Using functional genetics and epigenetics to dissect the molecular architecture of schizophrenia
Date: 20 April 2020
Thesis or dissertation
University of Exeter
PhD in Medical Studies
Schizophrenia is a severe neuropsychiatric disorder which is within the top ten causes of disability in the developed world. While we currently do not fully understand the aetiology of schizophrenia, a wealth of genetic, epigenetic, and epidemiological evidence suggests a neurodevelopmental origin, and that dysregulation of the immune ...

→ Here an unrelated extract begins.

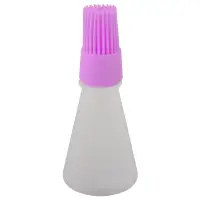 Кисточка с ручкой контейнером 50мл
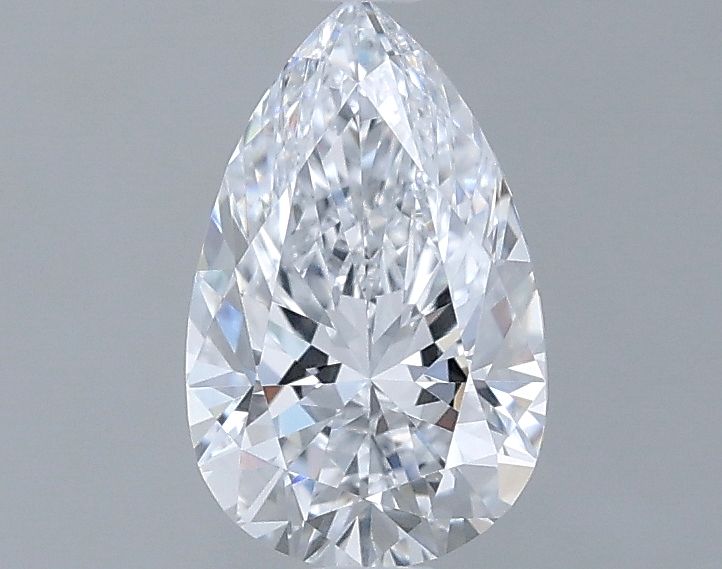 1.03 ct. pear Lab Grown Diamond front image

Schizophrenia is a severe neuropsychiatric disorder which is within the top ten causes of disability in the developed world. While we currently do not fully understand the aetiology of schizophrenia, a wealth of genetic, epigenetic, and epidemiological evidence suggests a neurodevelopmental origin, and that dysregulation of the immune system and infection can play a role in aetiology. This has been supported throughout the last decade and the “big data” revolution. Genetic and epigenetic data gathered through genome and epigenome wide association studies, have identified over 100 genetic risk loci for schizophrenia. Further to this there have been a number of epidemiological studies examining the effect of environmental risk factors to schizophrenia. However, many of these genetic, epigenetic, and environmental risk factors have no clear mechanism by which they cause disease. Many of these studies published present evidence for the “risk factor” involvement but fail to validate their findings in model systems, to establish how these risk factors cause disease. The main aim of this thesis was to develop functional assays and methods to validate genetic, epigenetic, and environmental risk factors in human cellular based models to elucidate how these risks can contribute to disease. From this work I have developed a protocol for knocking out risk genes, and have identified a role for the schizophrenia risk gene AS3MT in neuronal development. I have also developed several pipelines to validate epigenome wide association studies, and link how changes in DNA methylation can affect gene expression, at both the regional level and at individual genomic loci. And finally, I have examined what effect, if any, the active component of cannabis, which is an established environmental risk factor for schizophrenia, has on the DNA methylome, to understand how environmental risk can cause disease. In summary, the work presented in this thesis represents the movement from large scale (epi)genetic analysis and statistics to functional lab validation. This thesis contains several methods for the functional validation of identified (epi)genetic risk loci and risk factors for schizophrenia in a cellular model. From this we can now begin to explore how these changes in genetics, epigenetics, and environmental risk factors biologically link to the development and progression of schizophrenia and other neuropsychiatric disorders.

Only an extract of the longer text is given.